● Stored data
*** Begin section ***

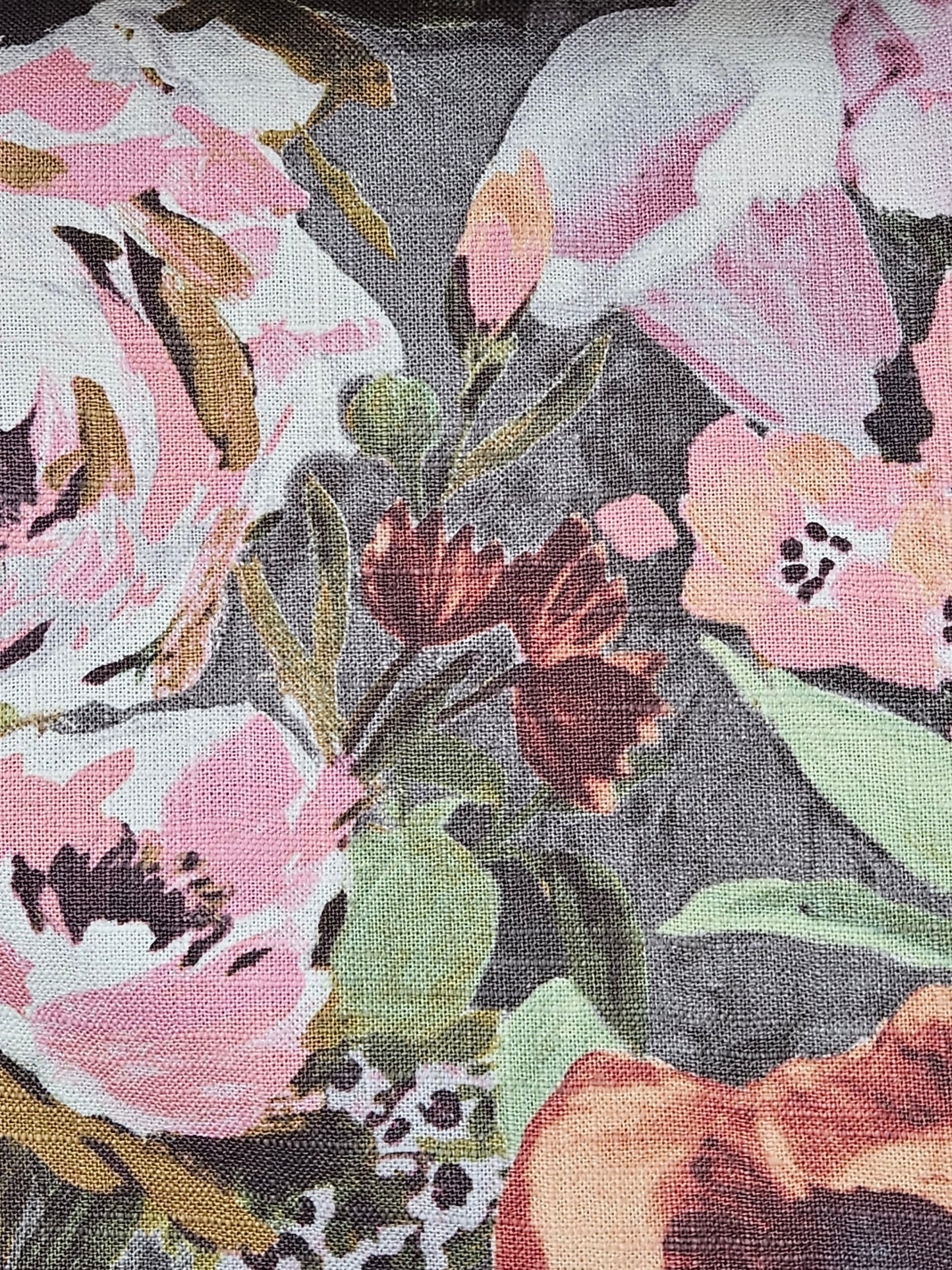 17571 Eden Soft Linen Coral DISCO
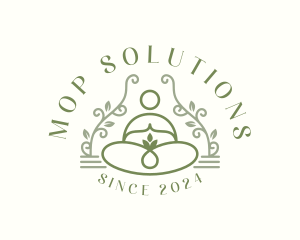 Yoga Wellness Spa Logo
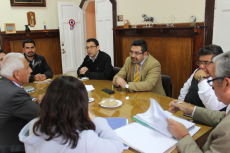 Ministerio de Vivienda y Urbanismo financiar&aacute; el primer semestre de 2017 la remodelaci&oacute;n de avenida Centenario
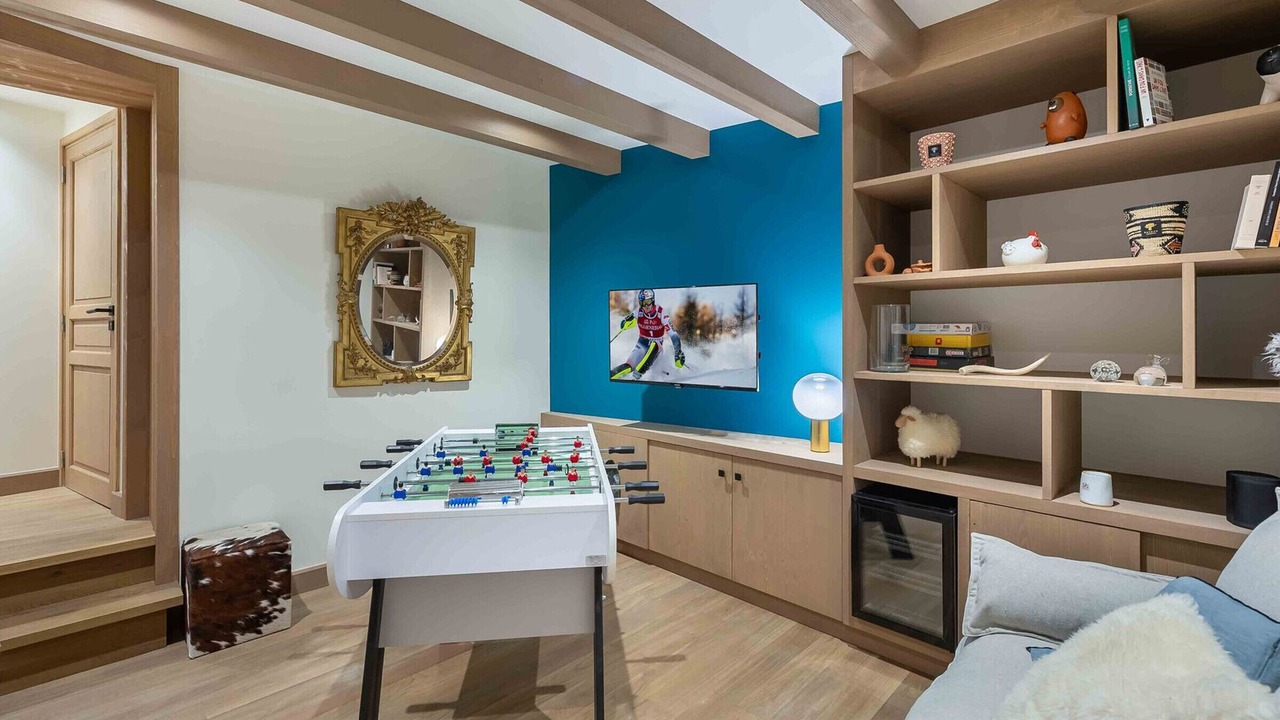 Photo of Bedroom in Courchevel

*** End section ***

● What is required
Write the lines from the line containing "Yoga Wellness Spa Logo" through the last line of the data out again exactly, and only those lines; pictures stay out.

● Problem solution
 Yoga Wellness Spa Logo
 Ministerio de Vivienda y Urbanismo financiar&aacute; el primer semestre de 2017 la remodelaci&oacute;n de avenida Centenario
 Photo of Bedroom in Courchevel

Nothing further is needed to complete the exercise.